Description of Utopian Literature
A piece of writing that concerns itself with the description of a perfect society in the physical world as opposed to the perfection of afterlife is termed as Utopian literature. However, the original motives behind utopian novel were political, social and philosophical. Plato’s Republic, is usually considered the first in history among the examples of utopia.
Some traces of utopian elements can be found in Arthurian literature in the idealization of King Arthur’s court at Camelot, but the trend followed by medieval poets involved romanticizing an imaginary past rather than using hypothetical utopias for the purposes of criticizing political institutions and suggesting alternatives. It was by the time of Sir Thomas More (in his book Utopia in 1516) that the notion of utopia was practically manifested, and his name for the imaginary kingdom then became the new name for referring to the genre.
Utopia examples show common characteristics. These include an elaborate description of the geographic structures of the imaginary landscape by the native guides that familiarize the narrator to the ways through the region. He is an outsider to the utopian society, and harbors extensive skepticism regarding modern political, social, economic, or ethical problems. One of the common misunderstandings is that utopian models serve to project a better way of life. To the contrary, the reason behind such literature is to help the reader envision the problems, paradoxes, or faults entrenched within the existing political framework.
The examples quoted below portray various scenarios of utopia.
Campanella’s City of the Sun
Bacon’s New Atlantis
Samuel Gott’s New Jerusalem
Winstanley’s The Law of Freedom in a Platform
Edward Bellamy’s Looking Backward
William Morris’s News from Nowhere
Theodor Hertzka’s Freeland
H. G. Wells’s A Modern Utopia
Functions of Utopia
Over the time, the vision encapsulating the notion of utopia has suffered radical transformations. Events as war, church reform, revolution and economic changes have contributed towards the construction of a new type of utopia.

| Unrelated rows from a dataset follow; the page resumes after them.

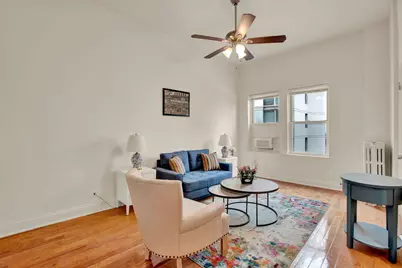 1100 N La Salle Drive #510, Chicago, IL 60610 - Photo 5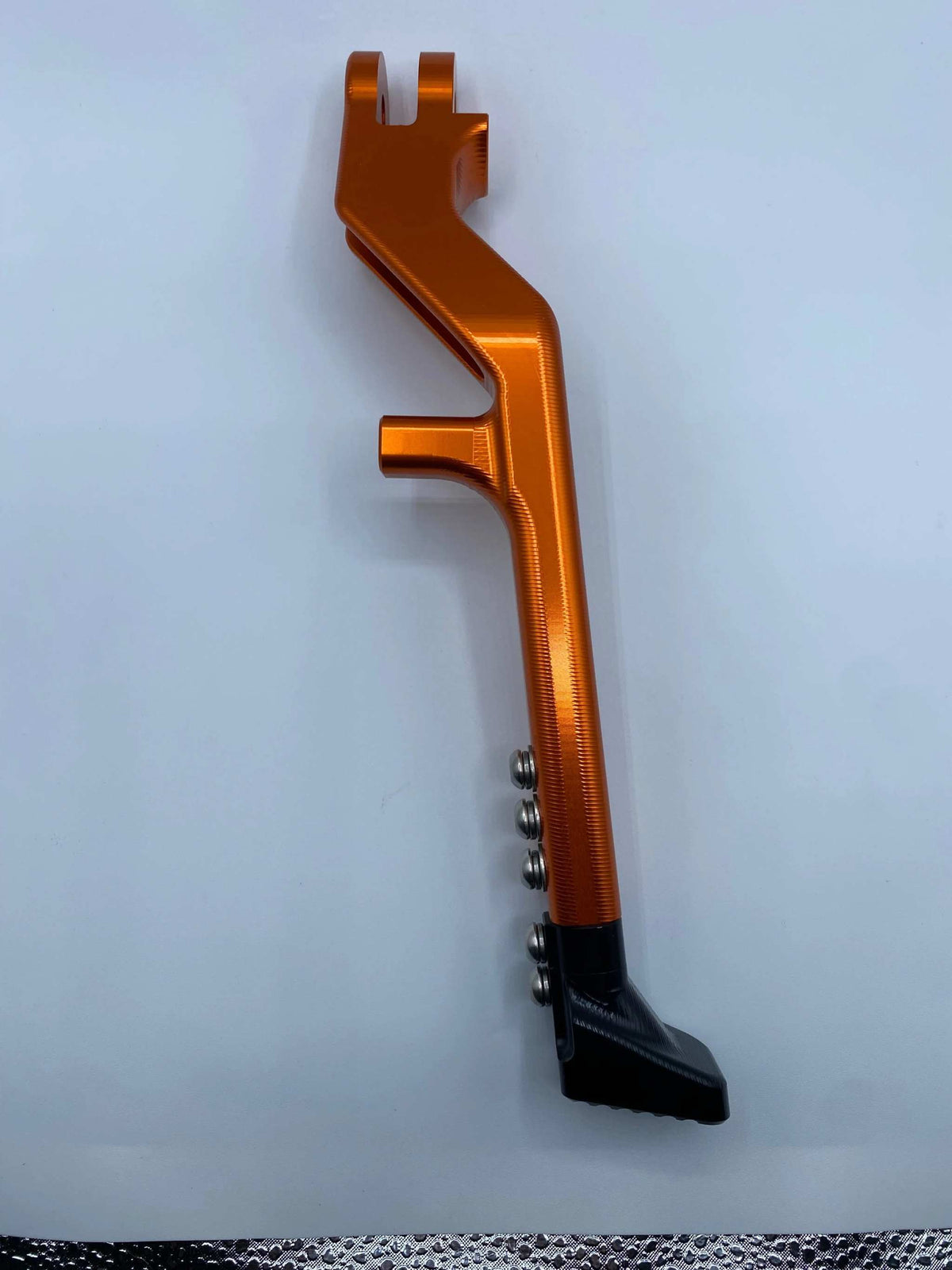 Surron Ultra Bee Adjustable Kickstand-Gear’d Up EV Warehouse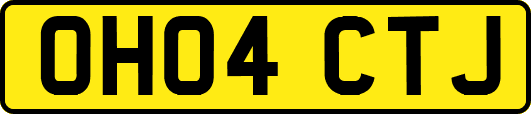 OH04CTJ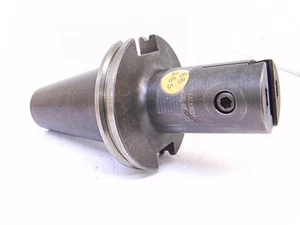 USED VALENITE VARI-SET CAT50 BORING BAR BB-2BS (50M-BB-2BS) - Bild 1 von 1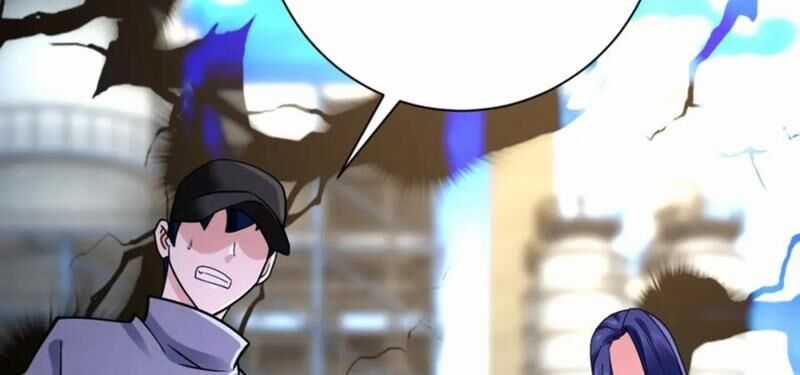 Mạt Thế Siêu Cấp Hệ Thống - Chapter 347 - Trang 43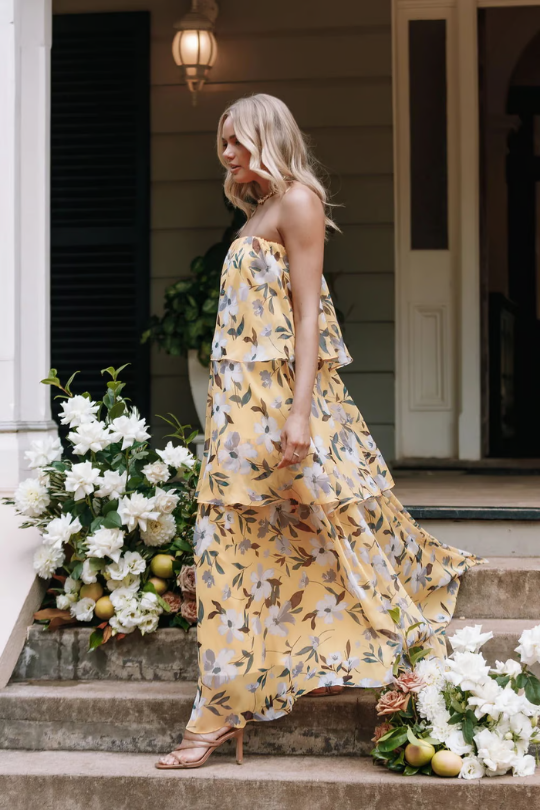 Paloma | Women&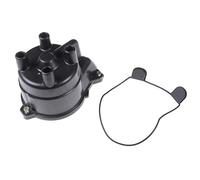 BLUE PRINT ADH214222 Tête de delco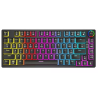 Savio Phenix Wireless Gaming Keyboard ENG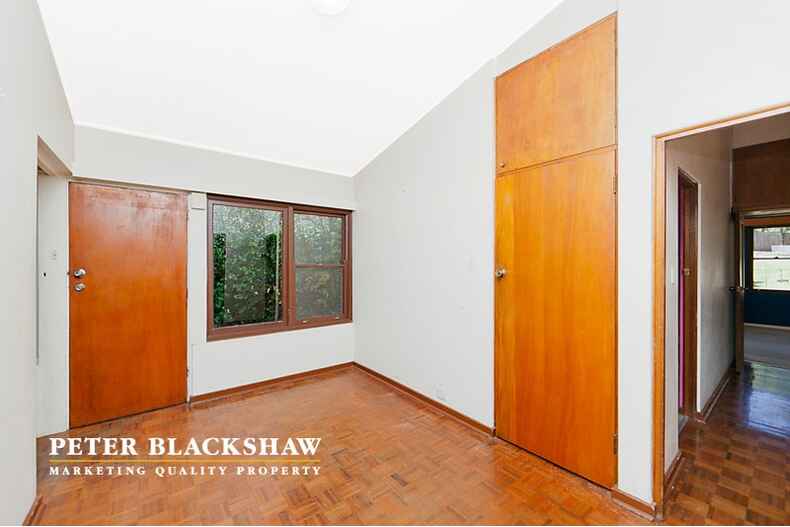 Lot 34/26 Hopetoun Circuit  Deakin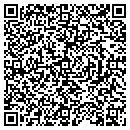 QR code with Union Street Media contacts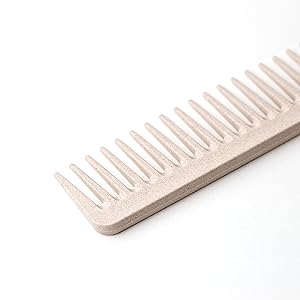 rootrenew comb scene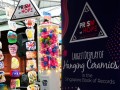 190803-hangingceramics-07
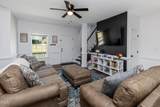 410 Raeford Road - Photo 9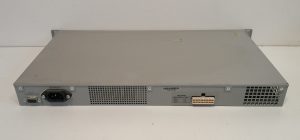 Allied Telesis AT-8648T/2SP Layer 3 Ethernet Switch - Image 4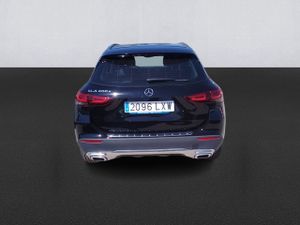 Mercedes Gla 200 D - Foto 6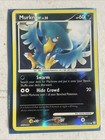 Murkrow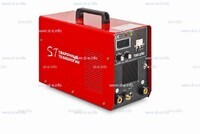 Инвертор для аргонодуговой сварки TIG-250 MOS - st-e.info - Иваново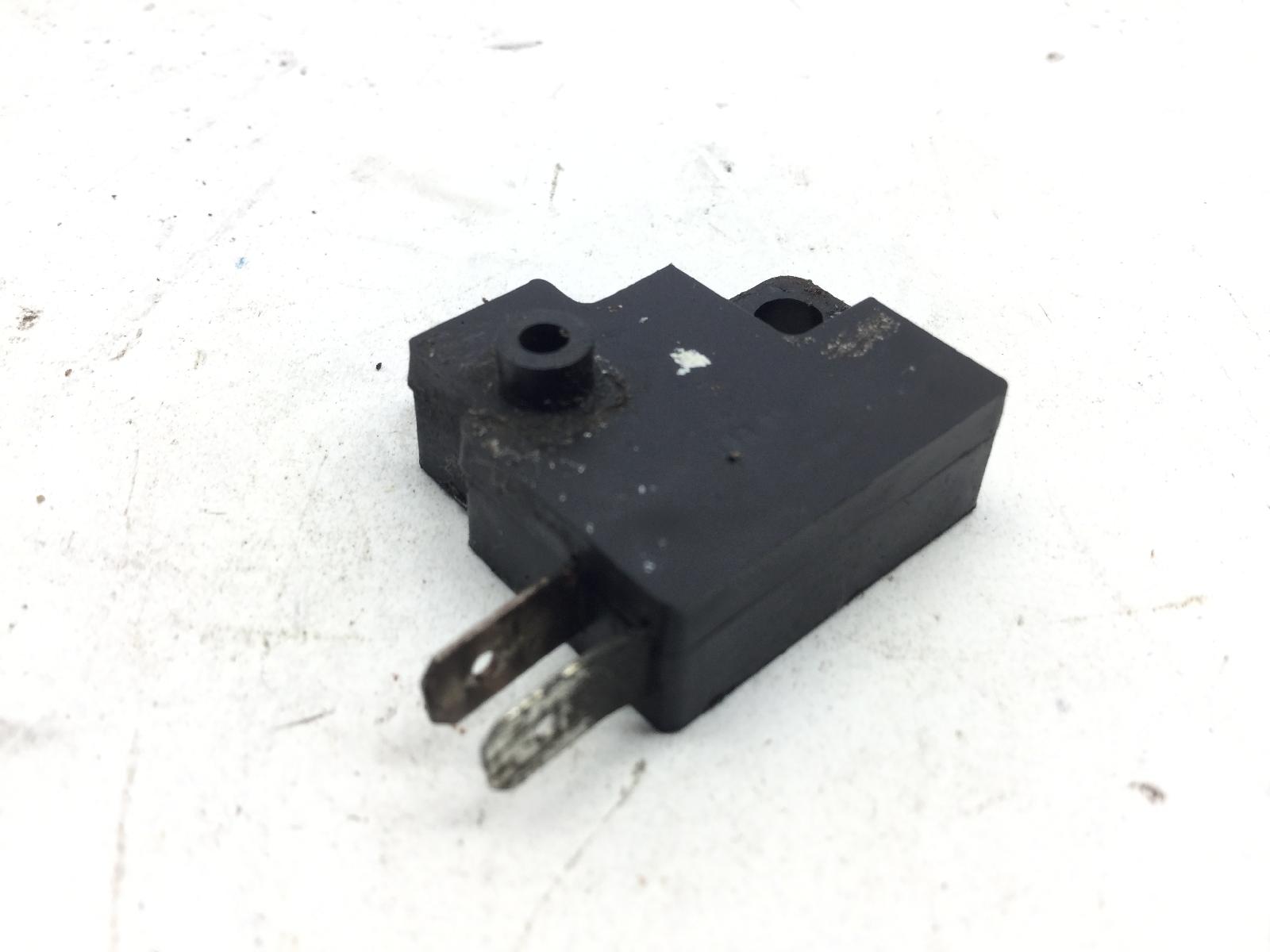 Honda @ chiocciola 150 sensore stop microstop freno anteriore destro 2000 2002 zdckf03a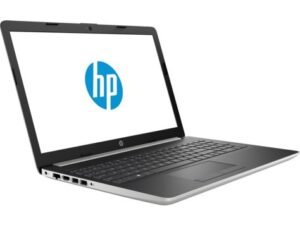 Hp 15-da0009la Core I3-7020u 1tb _0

The term utopia formulated new shapes and new prefixes, each type having its own function and its own use. They are generally employed as a means of constructing an organized society in the reader’s mind. The writer makes use of the tool to highlight the discrepancies prevalent within an existing political and legal framework.
A utopian society is framed in a manner, which presents to the reader an ideal sociopolitical culture. The writer is presenting his audience with a standard example of a socially and morally fit society with the use of utopia to make them realize the various deficiencies of their existing societal framework. It is a tool for exposing the flaws prevalent within an existing political structure. Further, the tool has been widely employed in writings where the writers have intended to make an impact on the conscience of the reader. The writer uses utopia in order to portray a scenic picture in the eyes of the reader, in an attempt to make him fully appreciate the various diverging factors contributing towards the failings of the existing society. It deals with constructing a standard sociopolitical society in the reader’s mind in order to criticize the prevalent legal norms.